Broad Shoulders Jun 9th 2009 9:14 pm

Re: Monty Python Fans
 
Crucifiction?

Broad Shoulders Jun 9th 2009 9:15 pm

Re: Monty Python Fans
 
I'm Brian and so's my wife!

Broad Shoulders Jun 9th 2009 9:15 pm

Re: Monty Python Fans
 
Q: Are you the Judean People's Front?
A: F#$k Off! We're the People's Front Of Judea!

Broad Shoulders Jun 9th 2009 9:18 pm

Re: Monty Python Fans
 
Brian: I'm not the Messiah! Will you please listen? I am not the Messiah, do you understand? Honestly!
Girl: Only the true Messiah denies His divinity.
Brian: What? Well, what sort of chance does that give me? All right! I am the Messiah!
Followers: He is! He is the Messiah!
Brian: Now, f#$k off!
[silence]
Arthur: How shall we f#$k off, O Lord?

Broad Shoulders Jun 9th 2009 9:20 pm

Re: Monty Python Fans
 
Roman: I'm warning you! If you say "Jehovah" one more time (gets hit with rock) RIGHT! Who did that? Come on, who did it?
Stoners: She did! She did! (suddenly speaking as men) He! He did! He!
Roman: Are there any women here?

Broad Shoulders Jun 9th 2009 9:23 pm

Re: Monty Python Fans
 
I'll have you know, my fwend Bigus Dickus w@nks vewy high in Wome

furkew Jun 9th 2009 9:25 pm

Re: Monty Python Fans
 

Originally Posted by Broad Shoulders (Post 7651322)
I'll have you know, my fwend Biguth Dickuth w@nks vewy high in Wome

Life of Brian fan by any chance :rofl:

Broad Shoulders Jun 9th 2009 9:26 pm

Re: Monty Python Fans
 
Stan: It's every man's right to have babies if he wants them.
Reg: But you can't have babies.
Stan: Don't you oppress me.

JackTheLad Jun 9th 2009 9:54 pm

Re: Monty Python Fans
 
Help! Help! I'm being repressed.

_____________________________________

The end of the "I'd like an argument sketch" cracks me up.
O: I told you, I'm not allowed to argue unless you've paid!
M: I just paid!
O: No you didn't!
M: I DID!!!
O: No you didn't!
M: I DID!!!
O: No you didn't!
M: I DID!!!
O: I'm afraid you did not.
M: I don't want to argue about that!
O: Well, I'm very sorry but you didn't pay!
M: Ah hah! Well if I didn't pay, why are you arguing? Got you!!
O: No, you haven't!
M: Yes I have! (short pause) If you are arguing, I must have paid.
O: Not necessarily. (short pause) I *could* be arguing in my spare time.
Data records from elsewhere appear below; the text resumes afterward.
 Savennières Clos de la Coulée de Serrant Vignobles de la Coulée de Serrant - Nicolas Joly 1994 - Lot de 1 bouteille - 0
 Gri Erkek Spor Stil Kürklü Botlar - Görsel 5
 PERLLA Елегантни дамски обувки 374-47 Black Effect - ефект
lesleys Jun 9th 2009 10:16 pm

Re: Monty Python Fans
 
'I'm opening a boootique, Brian.'

'Sheep don't so much fly as plummet'.

scottishcelts Jun 9th 2009 11:51 pm

Re: Monty Python Fans
 
Death awaits you with nasty sharp pointy teeth. (Holy Grail)
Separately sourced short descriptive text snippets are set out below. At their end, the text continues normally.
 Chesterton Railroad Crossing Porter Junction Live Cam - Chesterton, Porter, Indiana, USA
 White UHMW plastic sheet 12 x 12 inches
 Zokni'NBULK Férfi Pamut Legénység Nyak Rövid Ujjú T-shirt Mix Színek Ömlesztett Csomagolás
What i wouldn't give to be spat at in the face. Favouritism, that's what it is. (Life of Brian)

Brian: Excuse me. Are you the Judean People's Front?
Reg: **** off! We're the People's Front of Judea. Judean peoples' front....splitters.
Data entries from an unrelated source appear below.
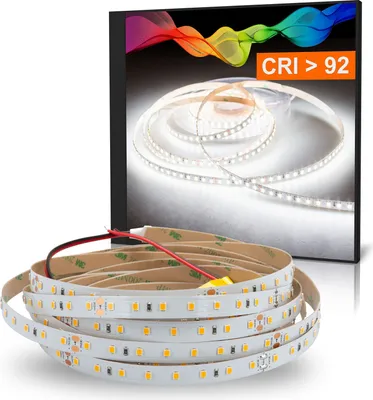 Produktbild von LED Strip ATLA Kaltweiß (6000k) 24W 5 Meter 24V IP20 CRI 92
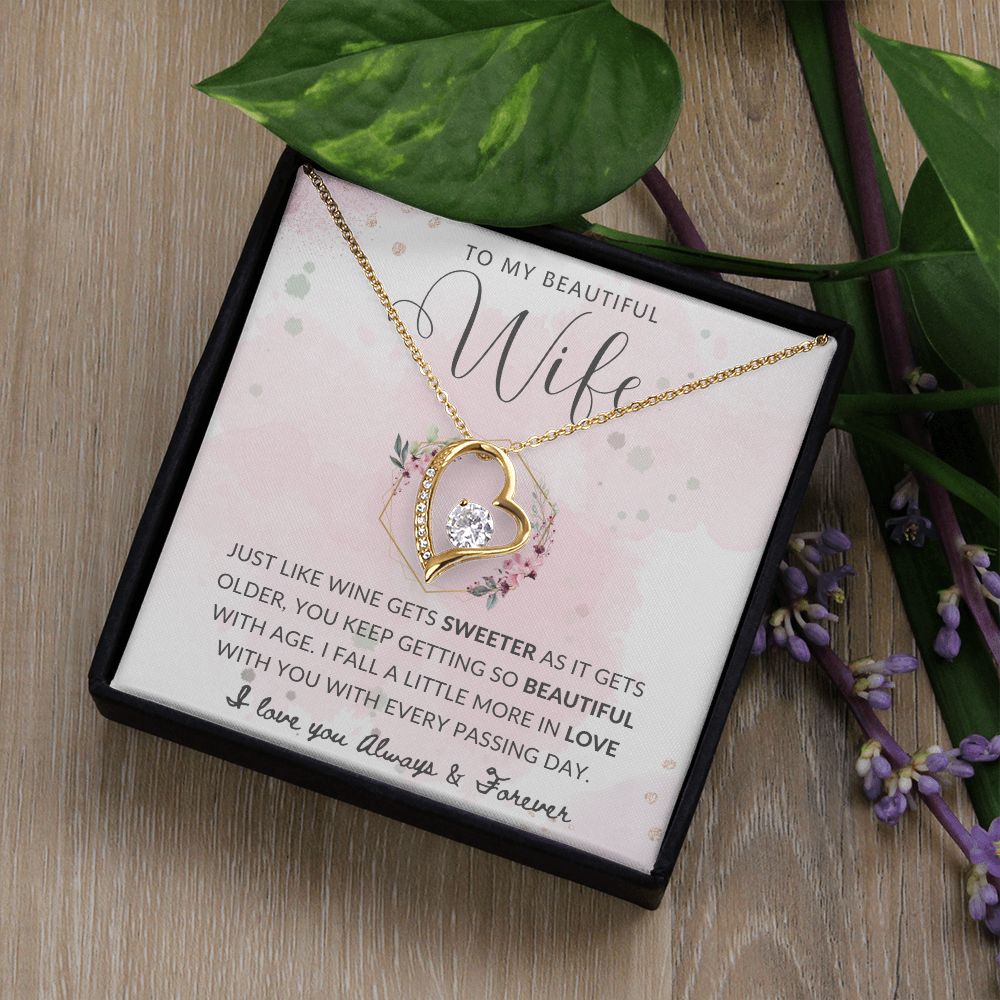 To My Beautiful Wife | Forever Love Necklace | So Beautiful
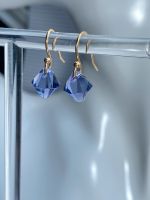 Zierliche Ohrringe 18K vergoldet blaue Swarovski Elements Niedersachsen - Eime Vorschau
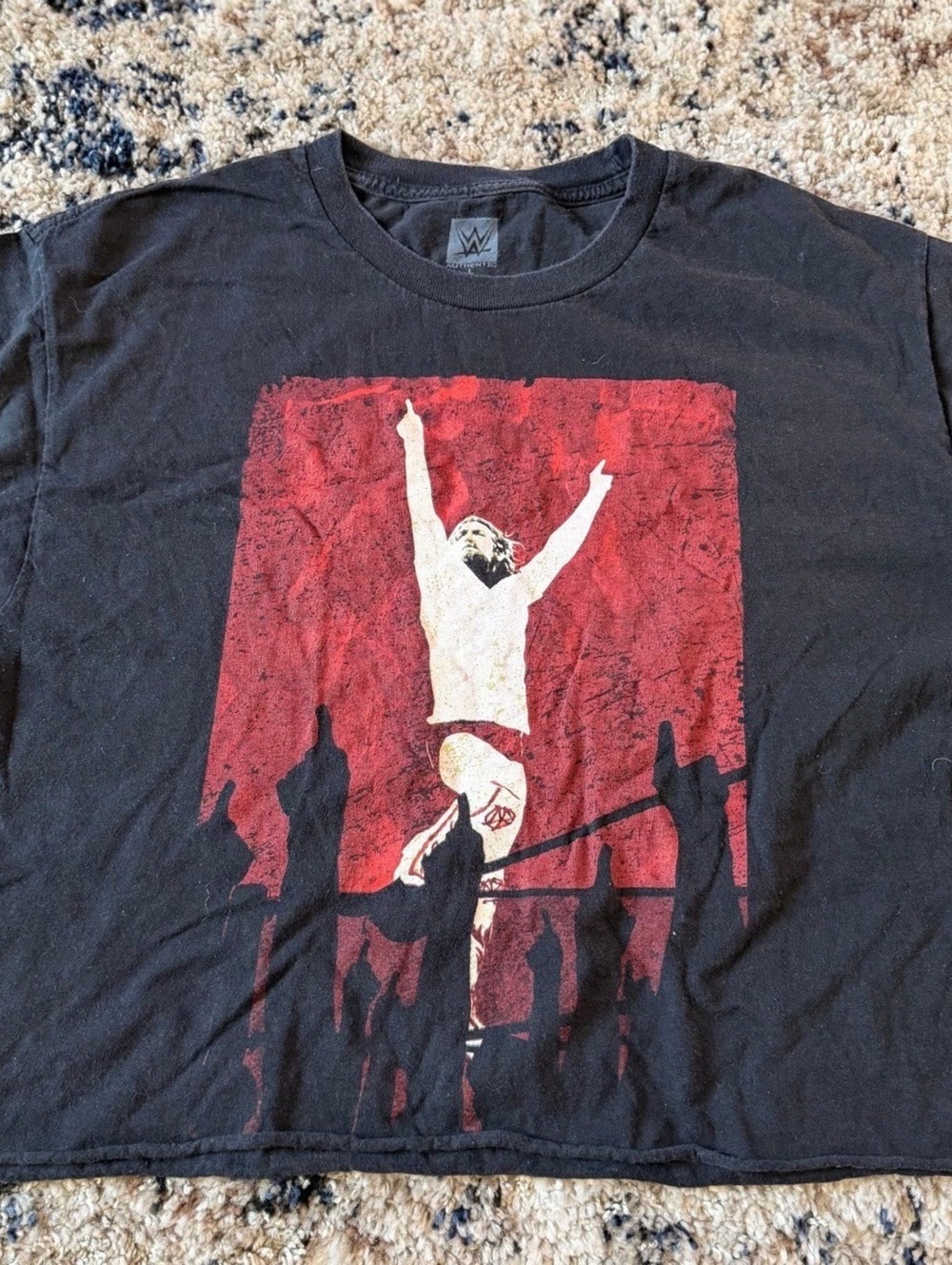 WWE Yes Wrestler Jumping Graphic Tee Shirt L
Maitre D: And finally, monsieur, a wafer-thin mint.
Mr Creosote: No.
Maitre D: Oh sir! It's only a tiny little thin one.
Mr Creosote: No. **** off - I'm full...
Maitre D: Oh sir... it's only wafer thin.
Mr Creosote: Look - I couldn't eat another thing. I'm absolutely stuffed. Bugger off.
Maitre D: Oh sir, just... just one...
Mr Creosote: Oh all right. Just one.
Maitre D: Just the one, sir... voila... bon appetit...
(Mr. Creosote swallows the mint, expands and then blows up dramatically, spewing vomit on everyone and showing his open rib cage and still beating heart.)
Maitre D: Thank you, sir, and now the check.